How to handle huge file processing in video retrieval applications?

Rouhi · 5th September 2011, 07:44

I am researching on video similarity detection. I have written a program in c++ which works on TRECVID videos which contains 8300 video. The program using a huge file i/o transaction (about 26000 files with 100kb size average) and process the data inside the files. A PC can not handle it efficiently. It looks very very slow when i run the program.
I have noticed the file i/o is not the bottle neck because the HDD led does not blinking during process,. When I look at task manager in windows, I noticed that the program use only one CPU core only. It reaches to 100% of one core but the other remain unused. hats your suggestion? Using cluster programming or multi thread multi core programming or Hadoop …… do you have any idea? Did you have same problem?
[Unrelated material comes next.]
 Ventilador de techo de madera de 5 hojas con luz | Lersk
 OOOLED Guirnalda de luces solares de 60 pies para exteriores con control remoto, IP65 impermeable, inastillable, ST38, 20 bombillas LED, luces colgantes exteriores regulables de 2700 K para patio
LoRd_MuldeR · 5th September 2011, 13:22

If your "similarity detection" is not I/O-bound but CPU-bound and you are not using multiple threads yet (CPU load only on one single core), then you should be able to speed up things via multi-threading. In your scenario there should be two ways, maybe a combination of both is possible: Either you can do "coarse grained" multi-threading by processing multiple videos in parallel (given that the videos can be processed independently) or you can do "fine grained" multi-threading by parallelizing the similarity detection algorithm itself. It's impossible to give any advice for the latter without knowing the algorithm in detail, but generally you can think about processing multiple frames in parallel and/or diving each frame into multiple partitions that can be processed in parallel...
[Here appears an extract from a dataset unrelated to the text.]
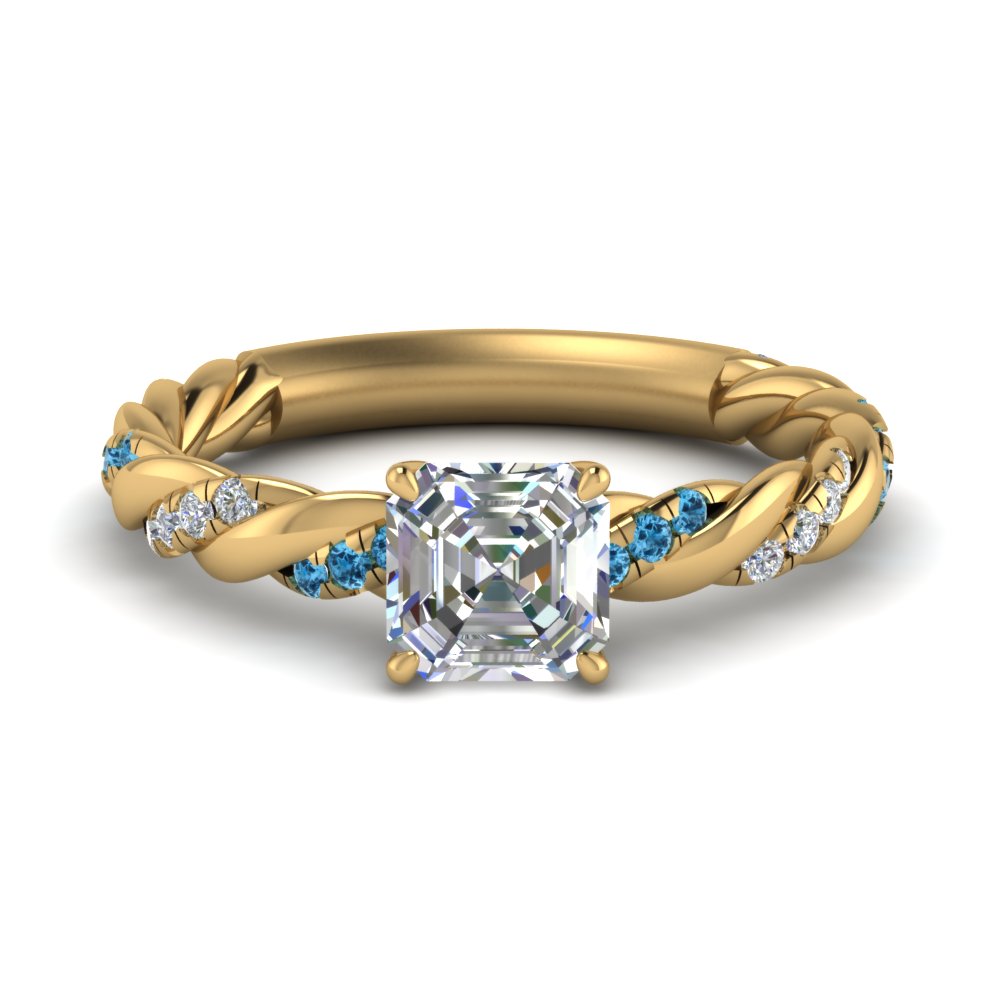 Twisted Vine Asscher Diamond Ring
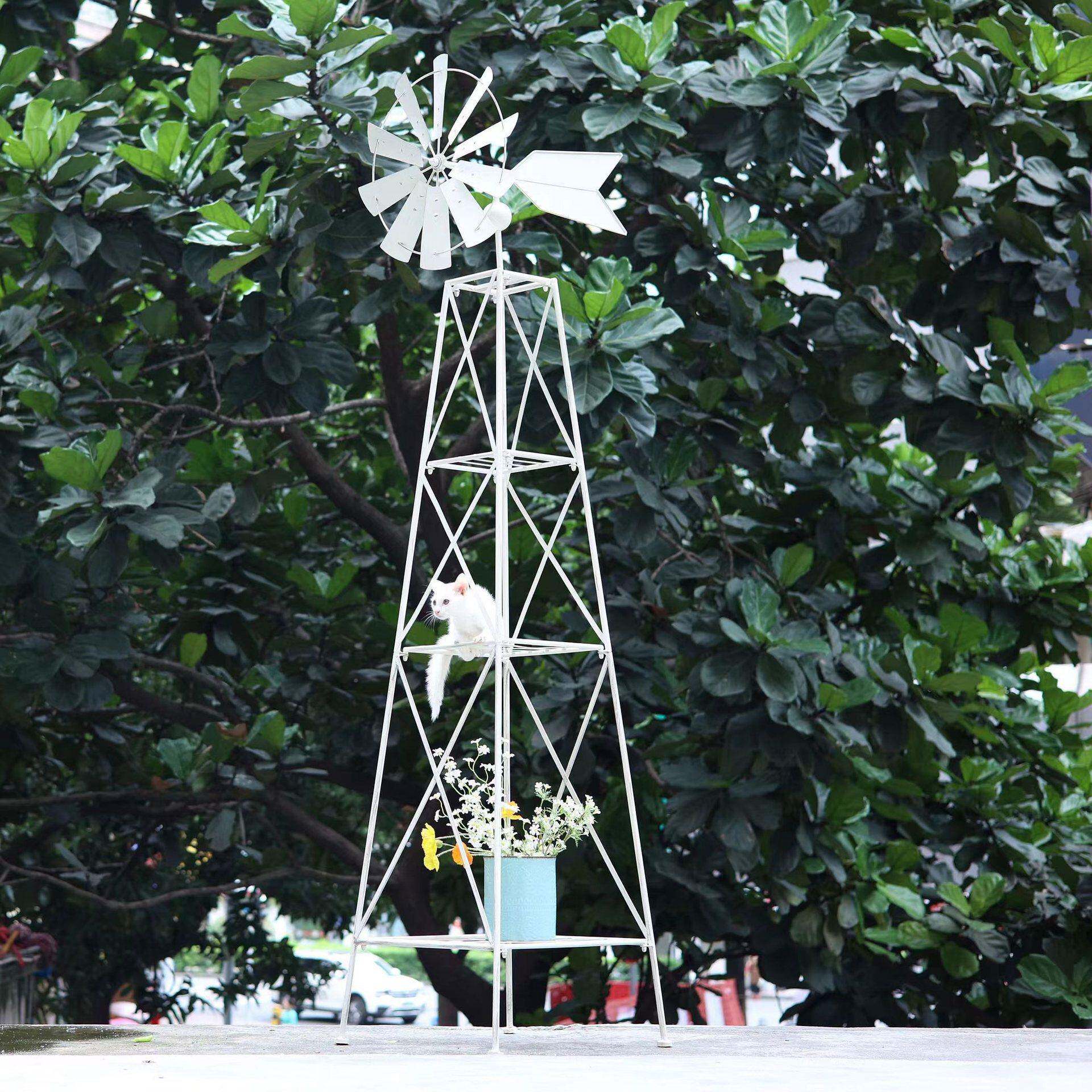 现代简庭约铁艺旋转风车装饰花盆架户层外花STI园多爬藤展示架花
Rouhi · 6th September 2011, 04:18

I extract the indexes in offline son the time for extracting the indexes from each video is not critical for me (at the moment). The problem is in search and finding sequence matching. TRECVID has more than 8000 videos and more than 1600 queries. handeling the similarity detection of each query against all 8000 video is very time consuming. I am looking forward a solution for this problem.
Thatnks for mentioning two Coarse-Grained Vs. Fine-Grained Threading but my problem is that i am very new in multi treading programming. Can you introduce any shortcut to upgrade a sequential program to multitreading program? if it is not exist, what is your suggestion for starting multithreading in c++?

6th September 2011, 10:23

As above, only you know your algorithm for the search, nobody can help you multi-thread that without knowing it in detail themselves ...
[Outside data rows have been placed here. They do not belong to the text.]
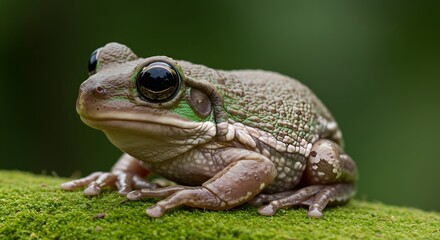 Obraz premium Closeup frog on moss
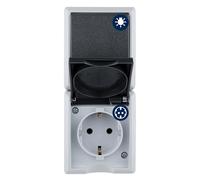 Rev Ritter 0510241555, Presa elettrica con interruttore/Deviatore IP44, sopraintonaco, forma A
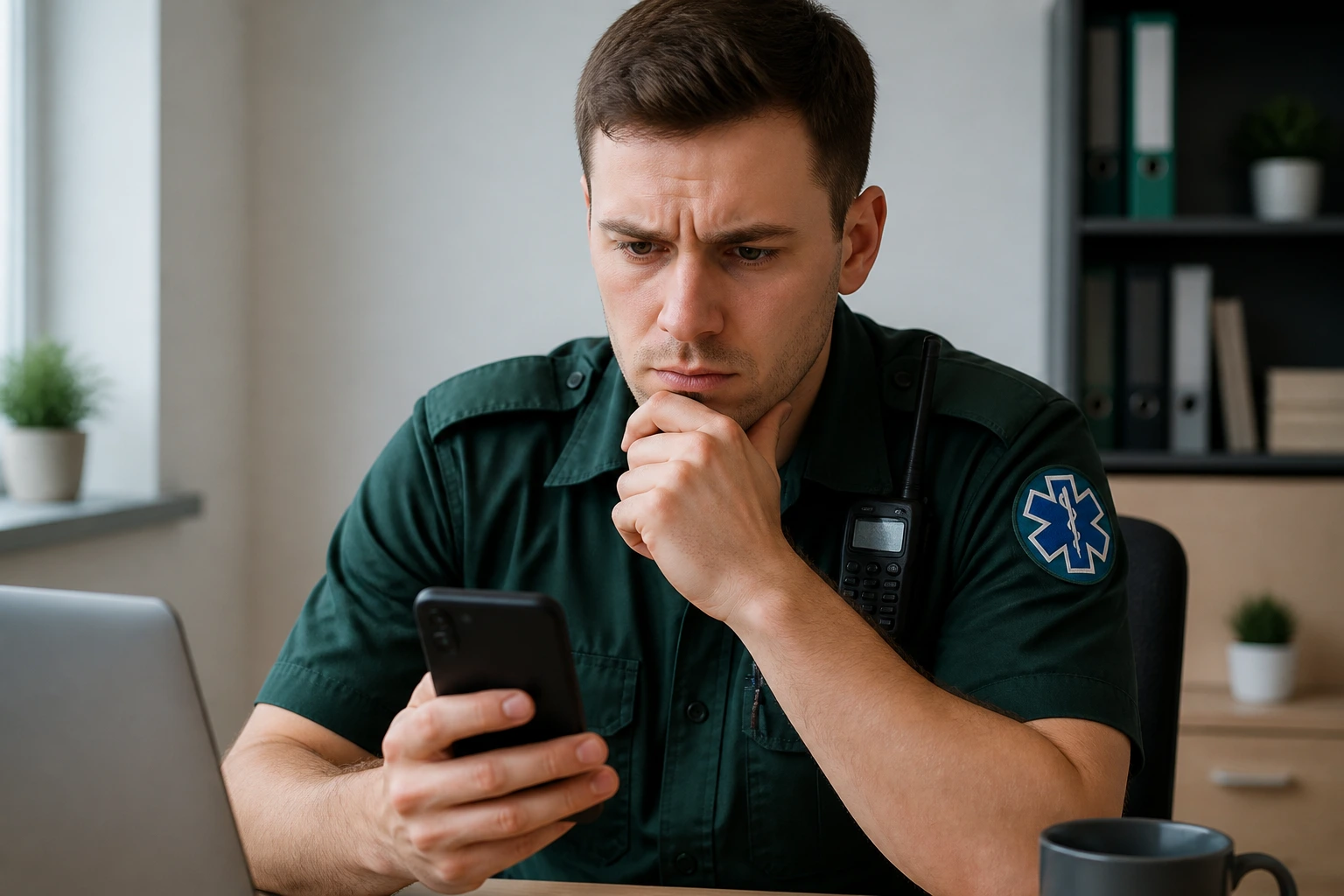 Paramedic guarding against recruitment scams in an office setting.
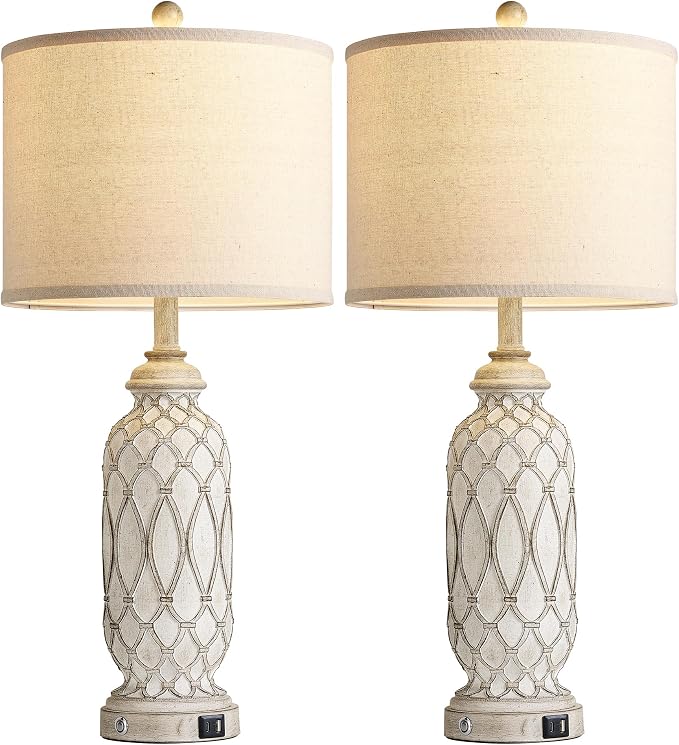 Farmhouse Table Lamps for Bedroom Set of 2, 28" Rustic Bedside Lamp with USB Ports, 3-Way Dimmable Nightstand Table Lamp for Living Room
The first step to multi-threading is identifying parts of your algorithm that are truely independent of any other operations, parts that are partially independent (that might need to be stored in a buffer/variable) and parts that are completely reliant on other parts ...

7ek

LoRd_MuldeR · 7th September 2011, 01:27

So if I understand correctly, you first extract some kind of "features" from the videos in your database. As this is done beforehand, it is not time-critical.

Then you have a bunch of "queries" and for each query you need to find the videos that match the query - which is done by comparing the query to the feature vectors extracted before.

Are your feature vectors stored in a "flat" structure and you simply compare each query to every feature vector?

If so, you might be able to speed this up easily by processing several queries in parallel, because they can be processed independently. Each thread would simply process one query.

Another option would be parallelizing the compare step itself: Divide the list of feature vectors into n sub-lists. Then, for each query, start n threads. Each thread will handle one sub-list.

But, regardless of multi-threading, you should think about organizing your feature vectors in a more "optimized" structure, so you don't have to compare the query against all of them!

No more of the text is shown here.